Aksi-aksi protes, yang saat itu disebut sebagai 'mimbar bebas,' menyuarakan kritik terhadap kekerasan militer, dwifungsi ABRI, matinya parlemen, hingga praktik korupsi, kolusi, dan nepotisme yang menyebar di berbagai lembaga negara. Isu reformasi semakin mengemuka.

Memasuki awal 1998, jumlah demonstrasi mahasiswa semakin tinggi. Tercatat 850 aksi dari Januari hingga Mei, dengan satu tuntutan utama, yakni lengsernya Soeharto. Bentrokan dengan militer terjadi di banyak kota, termasuk Solo, Yogyakarta, dan Medan.

Pada 2 Mei 1998, bertepatan dengan Hari Pendidikan Nasional, ribuan mahasiswa di berbagai daerah di Indonesia turun ke jalan.

Demo besar 2 Mei bereskalasi jadi rangkaian demo yang kian besar dan meluas.

Pada 4 Mei, demonstrasi mahasiswa pecah di Medan, Bandung, Yogyakarta yang kemudian berujung kerusuhan dan bentrok dengan aparat. Keesokan hari terjadi kerusuhan di Medan yang berawal dari demonstrasi.

Titik didih kemarahan terjadi pada 12 Mei, ketika empat mahasiswa Trisakti tewas ditembak aparat keamanan yang mengawal unjuk rasa damai mahasiswa di halaman kampus tersebut.

Mereka yang menjadi martir reformasi adalah Elang Mulia Lesmana, Heri Hertanto, Hafidin Royan, dan Hendrawan Sie.

Suasana mencekam di Indonesia. Sementara Presiden Soeharto pergi menghadiri KTT G-15 Kairo di Mesir sejak 9 Mei 1998.

Pakar hukum tata negara Yusril Ihza Mahendra menyebut kunjungan itu menjadi yang terakhir bagi Soeharto sebagai Presiden RI. Saat itu, Yusril adalah staf Sekretariat Negara sekaligus penulis pidato untuk Soeharto.

Kerusuhan Mei dan kekerasan etnis

Kerusuhan meletus di Jakarta dan daerah-daerah lain, 13 Mei 1998. Massa di Jakarta merangsek pertokoan, kantor, bank, melakukan penjarahan dan pembakaran. Diperkirakan sekitar 500 orang meninggal dunia akibat kebakaran yang terjadi selama kerusuhan terjadi.

Jakarta berubah menjadi kota yang penuh kekacauan. Asap hitam membubung dari toko-toko yang dijarah dan dibakar.

Kerusuhan menyapu 13 pasar, 40 pusat perbelanjaan, ribuan toko, serta tempat ibadah. Tak kurang dari 65 kantor bank dihancurkan, ribuan kendaraan dibakar, dan korban jiwa berjatuhan.

Sentimen etnis menyeruak.

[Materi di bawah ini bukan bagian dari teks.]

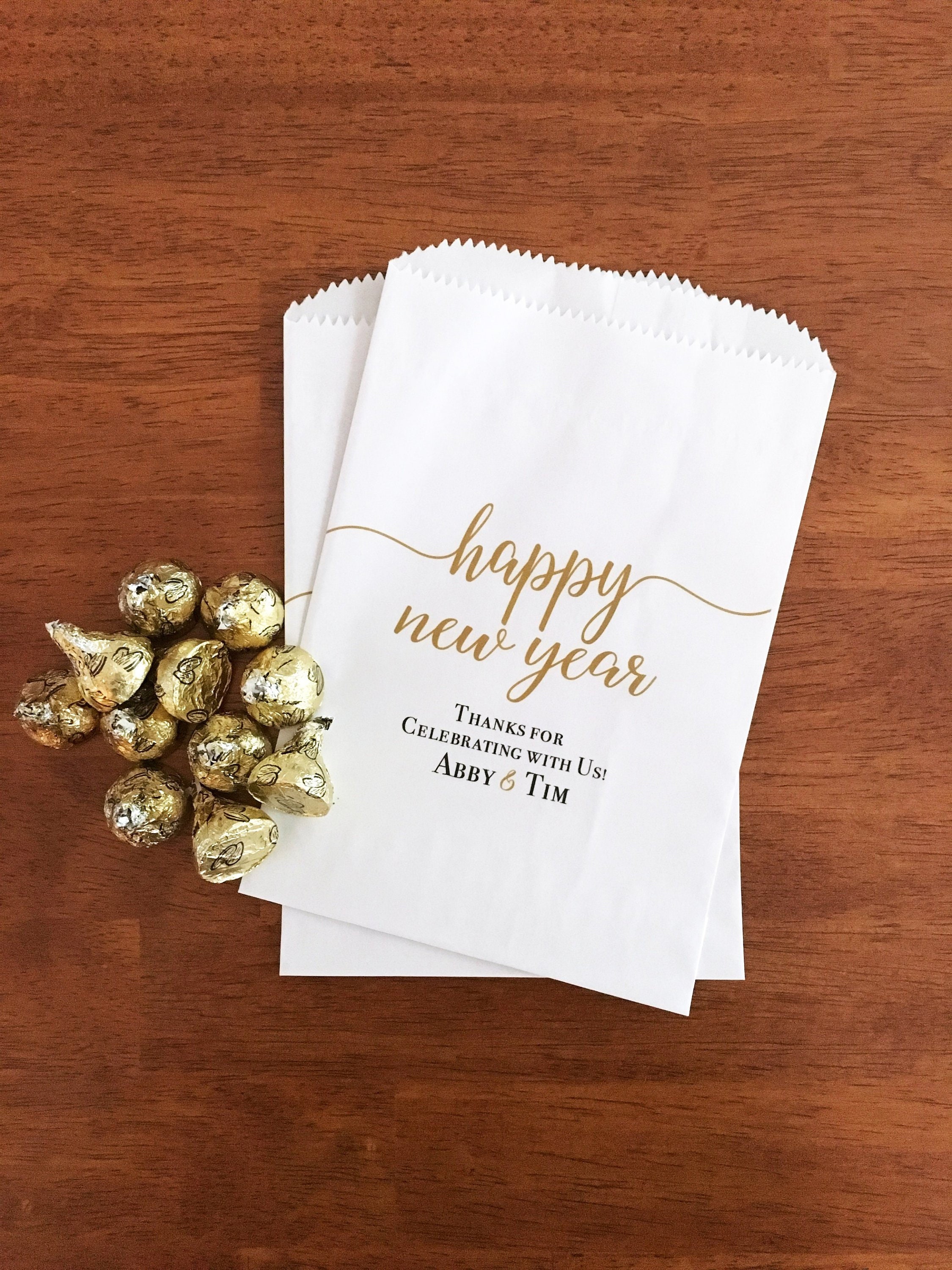 New Years Eve Party Favor Bags - NYE Treat Bags - Personalized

Warga etnis Tionghoa jadi sasaran amuk massa. Tak sedikit dianiaya hingga tewas, bahkan jadi korban kekerasan seksual.

Yusril menjelaskan pihaknya sempat memberikan pengarahan kepada aparat militer TNI (saat itu ABRI) agar menghindari jatuhnya korban jiwa.

"Ketika itu kami briefing TNI bahwa harus hati-hati betul, jangan sampai ada korban. Sebab kalau ada korban seperti tertembaknya Arif Rahman Hakim tahun 1966 di depan Istana, bisa memicu kerusuhan luas. Penembakan Arif Rahman saat itu punya andil dalam rangkaian peristiwa yang membuat Sukarno mundur," ujar Yusril kepada CNN Indonesia, Rabu malam (20/5/2015).